▶ [PROVIDED ENTRIES]:
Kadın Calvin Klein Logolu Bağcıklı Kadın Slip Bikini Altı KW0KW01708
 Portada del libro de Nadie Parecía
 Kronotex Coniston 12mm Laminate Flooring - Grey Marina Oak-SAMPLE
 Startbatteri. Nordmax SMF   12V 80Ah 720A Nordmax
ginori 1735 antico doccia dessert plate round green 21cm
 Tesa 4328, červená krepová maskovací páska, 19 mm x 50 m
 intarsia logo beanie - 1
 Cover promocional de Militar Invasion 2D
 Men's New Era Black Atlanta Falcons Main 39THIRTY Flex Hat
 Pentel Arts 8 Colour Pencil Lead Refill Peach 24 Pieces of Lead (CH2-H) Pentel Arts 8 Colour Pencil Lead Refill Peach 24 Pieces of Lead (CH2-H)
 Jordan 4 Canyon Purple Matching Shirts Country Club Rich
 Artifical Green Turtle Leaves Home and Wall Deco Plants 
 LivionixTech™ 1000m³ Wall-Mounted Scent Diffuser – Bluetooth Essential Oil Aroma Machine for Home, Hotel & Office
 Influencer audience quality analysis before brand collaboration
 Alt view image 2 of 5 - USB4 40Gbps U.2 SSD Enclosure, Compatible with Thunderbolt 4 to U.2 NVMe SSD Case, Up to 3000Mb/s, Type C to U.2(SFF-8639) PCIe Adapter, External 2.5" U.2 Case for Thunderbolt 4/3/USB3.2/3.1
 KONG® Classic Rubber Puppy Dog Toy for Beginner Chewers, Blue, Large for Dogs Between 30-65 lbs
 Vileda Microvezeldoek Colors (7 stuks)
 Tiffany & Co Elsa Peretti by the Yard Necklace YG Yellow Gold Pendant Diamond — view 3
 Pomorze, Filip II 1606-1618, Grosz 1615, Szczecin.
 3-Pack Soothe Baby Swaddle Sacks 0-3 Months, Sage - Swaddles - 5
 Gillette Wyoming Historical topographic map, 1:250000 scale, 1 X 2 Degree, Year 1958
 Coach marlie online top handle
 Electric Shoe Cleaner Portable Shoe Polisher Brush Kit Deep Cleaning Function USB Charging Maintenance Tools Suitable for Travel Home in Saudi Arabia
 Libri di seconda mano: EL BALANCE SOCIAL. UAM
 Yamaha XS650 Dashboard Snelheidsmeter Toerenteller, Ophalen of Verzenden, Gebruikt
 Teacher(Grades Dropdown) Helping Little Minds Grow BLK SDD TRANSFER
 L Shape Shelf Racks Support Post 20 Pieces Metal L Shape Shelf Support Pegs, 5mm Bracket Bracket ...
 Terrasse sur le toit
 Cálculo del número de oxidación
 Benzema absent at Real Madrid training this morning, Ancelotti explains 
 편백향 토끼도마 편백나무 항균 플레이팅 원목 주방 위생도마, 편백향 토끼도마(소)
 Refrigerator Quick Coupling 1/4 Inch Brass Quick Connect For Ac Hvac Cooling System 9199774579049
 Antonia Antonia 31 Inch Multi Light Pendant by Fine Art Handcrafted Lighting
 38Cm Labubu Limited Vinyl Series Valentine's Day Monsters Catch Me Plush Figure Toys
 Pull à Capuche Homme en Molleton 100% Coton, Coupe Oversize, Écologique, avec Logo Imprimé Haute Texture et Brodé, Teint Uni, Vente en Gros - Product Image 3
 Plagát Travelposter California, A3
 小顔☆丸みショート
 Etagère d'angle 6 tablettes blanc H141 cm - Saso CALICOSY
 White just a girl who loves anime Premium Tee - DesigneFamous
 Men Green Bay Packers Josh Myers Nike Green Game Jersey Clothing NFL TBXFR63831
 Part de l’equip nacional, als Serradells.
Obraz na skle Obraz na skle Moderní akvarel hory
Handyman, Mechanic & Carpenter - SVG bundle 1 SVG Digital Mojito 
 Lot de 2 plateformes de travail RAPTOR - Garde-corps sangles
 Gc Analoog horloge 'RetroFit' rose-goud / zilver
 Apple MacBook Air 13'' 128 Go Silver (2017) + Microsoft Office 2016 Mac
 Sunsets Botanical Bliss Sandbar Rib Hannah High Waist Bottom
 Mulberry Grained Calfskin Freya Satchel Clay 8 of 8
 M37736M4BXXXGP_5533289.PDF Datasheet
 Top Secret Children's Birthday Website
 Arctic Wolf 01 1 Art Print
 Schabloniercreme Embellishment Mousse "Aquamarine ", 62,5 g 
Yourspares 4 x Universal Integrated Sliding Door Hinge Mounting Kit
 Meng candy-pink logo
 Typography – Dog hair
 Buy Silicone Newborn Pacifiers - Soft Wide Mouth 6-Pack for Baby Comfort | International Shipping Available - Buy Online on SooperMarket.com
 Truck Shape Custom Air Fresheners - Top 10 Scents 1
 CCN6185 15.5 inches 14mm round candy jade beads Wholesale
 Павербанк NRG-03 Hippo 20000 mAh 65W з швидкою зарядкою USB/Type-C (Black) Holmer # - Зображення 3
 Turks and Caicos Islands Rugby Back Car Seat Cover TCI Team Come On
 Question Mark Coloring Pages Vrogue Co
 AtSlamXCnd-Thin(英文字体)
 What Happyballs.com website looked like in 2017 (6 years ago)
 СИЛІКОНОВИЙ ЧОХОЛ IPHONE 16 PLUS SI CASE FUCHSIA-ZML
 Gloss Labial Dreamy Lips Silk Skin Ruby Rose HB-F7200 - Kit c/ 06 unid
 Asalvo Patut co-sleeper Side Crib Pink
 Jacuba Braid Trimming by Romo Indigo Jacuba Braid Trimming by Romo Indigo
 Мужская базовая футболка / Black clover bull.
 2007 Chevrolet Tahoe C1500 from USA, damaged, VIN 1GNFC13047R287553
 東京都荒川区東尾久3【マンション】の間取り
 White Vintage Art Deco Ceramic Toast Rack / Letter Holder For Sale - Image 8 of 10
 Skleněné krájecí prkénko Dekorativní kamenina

▶ [TASK REQUIREMENTS]: Whatever the number of entries above, each one is to be copied exactly.

▶ [ANSWER SECTION]:
Kadın Calvin Klein Logolu Bağcıklı Kadın Slip Bikini Altı KW0KW01708
 Portada del libro de Nadie Parecía
 Kronotex Coniston 12mm Laminate Flooring - Grey Marina Oak-SAMPLE
 Startbatteri. Nordmax SMF   12V 80Ah 720A Nordmax
ginori 1735 antico doccia dessert plate round green 21cm
 Tesa 4328, červená krepová maskovací páska, 19 mm x 50 m
 intarsia logo beanie - 1
 Cover promocional de Militar Invasion 2D
 Men's New Era Black Atlanta Falcons Main 39THIRTY Flex Hat
 Pentel Arts 8 Colour Pencil Lead Refill Peach 24 Pieces of Lead (CH2-H) Pentel Arts 8 Colour Pencil Lead Refill Peach 24 Pieces of Lead (CH2-H)
 Jordan 4 Canyon Purple Matching Shirts Country Club Rich
 Artifical Green Turtle Leaves Home and Wall Deco Plants 
 LivionixTech™ 1000m³ Wall-Mounted Scent Diffuser – Bluetooth Essential Oil Aroma Machine for Home, Hotel & Office
 Influencer audience quality analysis before brand collaboration
 Alt view image 2 of 5 - USB4 40Gbps U.2 SSD Enclosure, Compatible with Thunderbolt 4 to U.2 NVMe SSD Case, Up to 3000Mb/s, Type C to U.2(SFF-8639) PCIe Adapter, External 2.5" U.2 Case for Thunderbolt 4/3/USB3.2/3.1
 KONG® Classic Rubber Puppy Dog Toy for Beginner Chewers, Blue, Large for Dogs Between 30-65 lbs
 Vileda Microvezeldoek Colors (7 stuks)
 Tiffany & Co Elsa Peretti by the Yard Necklace YG Yellow Gold Pendant Diamond — view 3
 Pomorze, Filip II 1606-1618, Grosz 1615, Szczecin.
 3-Pack Soothe Baby Swaddle Sacks 0-3 Months, Sage - Swaddles - 5
 Gillette Wyoming Historical topographic map, 1:250000 scale, 1 X 2 Degree, Year 1958
 Coach marlie online top handle
 Electric Shoe Cleaner Portable Shoe Polisher Brush Kit Deep Cleaning Function USB Charging Maintenance Tools Suitable for Travel Home in Saudi Arabia
 Libri di seconda mano: EL BALANCE SOCIAL. UAM
 Yamaha XS650 Dashboard Snelheidsmeter Toerenteller, Ophalen of Verzenden, Gebruikt
 Teacher(Grades Dropdown) Helping Little Minds Grow BLK SDD TRANSFER
 L Shape Shelf Racks Support Post 20 Pieces Metal L Shape Shelf Support Pegs, 5mm Bracket Bracket ...
 Terrasse sur le toit
 Cálculo del número de oxidación
 Benzema absent at Real Madrid training this morning, Ancelotti explains 
 편백향 토끼도마 편백나무 항균 플레이팅 원목 주방 위생도마, 편백향 토끼도마(소)
 Refrigerator Quick Coupling 1/4 Inch Brass Quick Connect For Ac Hvac Cooling System 9199774579049
 Antonia Antonia 31 Inch Multi Light Pendant by Fine Art Handcrafted Lighting
 38Cm Labubu Limited Vinyl Series Valentine's Day Monsters Catch Me Plush Figure Toys
 Pull à Capuche Homme en Molleton 100% Coton, Coupe Oversize, Écologique, avec Logo Imprimé Haute Texture et Brodé, Teint Uni, Vente en Gros - Product Image 3
 Plagát Travelposter California, A3
 小顔☆丸みショート
 Etagère d'angle 6 tablettes blanc H141 cm - Saso CALICOSY
 White just a girl who loves anime Premium Tee - DesigneFamous
 Men Green Bay Packers Josh Myers Nike Green Game Jersey Clothing NFL TBXFR63831
 Part de l’equip nacional, als Serradells.
Obraz na skle Obraz na skle Moderní akvarel hory
Handyman, Mechanic & Carpenter - SVG bundle 1 SVG Digital Mojito 
 Lot de 2 plateformes de travail RAPTOR - Garde-corps sangles
 Gc Analoog horloge 'RetroFit' rose-goud / zilver
 Apple MacBook Air 13'' 128 Go Silver (2017) + Microsoft Office 2016 Mac
 Sunsets Botanical Bliss Sandbar Rib Hannah High Waist Bottom
 Mulberry Grained Calfskin Freya Satchel Clay 8 of 8
 M37736M4BXXXGP_5533289.PDF Datasheet
 Top Secret Children's Birthday Website
 Arctic Wolf 01 1 Art Print
 Schabloniercreme Embellishment Mousse "Aquamarine ", 62,5 g 
Yourspares 4 x Universal Integrated Sliding Door Hinge Mounting Kit
 Meng candy-pink logo
 Typography – Dog hair
 Buy Silicone Newborn Pacifiers - Soft Wide Mouth 6-Pack for Baby Comfort | International Shipping Available - Buy Online on SooperMarket.com
 Truck Shape Custom Air Fresheners - Top 10 Scents 1
 CCN6185 15.5 inches 14mm round candy jade beads Wholesale
 Павербанк NRG-03 Hippo 20000 mAh 65W з швидкою зарядкою USB/Type-C (Black) Holmer # - Зображення 3
 Turks and Caicos Islands Rugby Back Car Seat Cover TCI Team Come On
 Question Mark Coloring Pages Vrogue Co
 AtSlamXCnd-Thin(英文字体)
 What Happyballs.com website looked like in 2017 (6 years ago)
 СИЛІКОНОВИЙ ЧОХОЛ IPHONE 16 PLUS SI CASE FUCHSIA-ZML
 Gloss Labial Dreamy Lips Silk Skin Ruby Rose HB-F7200 - Kit c/ 06 unid
 Asalvo Patut co-sleeper Side Crib Pink
 Jacuba Braid Trimming by Romo Indigo Jacuba Braid Trimming by Romo Indigo
 Мужская базовая футболка / Black clover bull.
 2007 Chevrolet Tahoe C1500 from USA, damaged, VIN 1GNFC13047R287553
 東京都荒川区東尾久3【マンション】の間取り
 White Vintage Art Deco Ceramic Toast Rack / Letter Holder For Sale - Image 8 of 10
 Skleněné krájecí prkénko Dekorativní kamenina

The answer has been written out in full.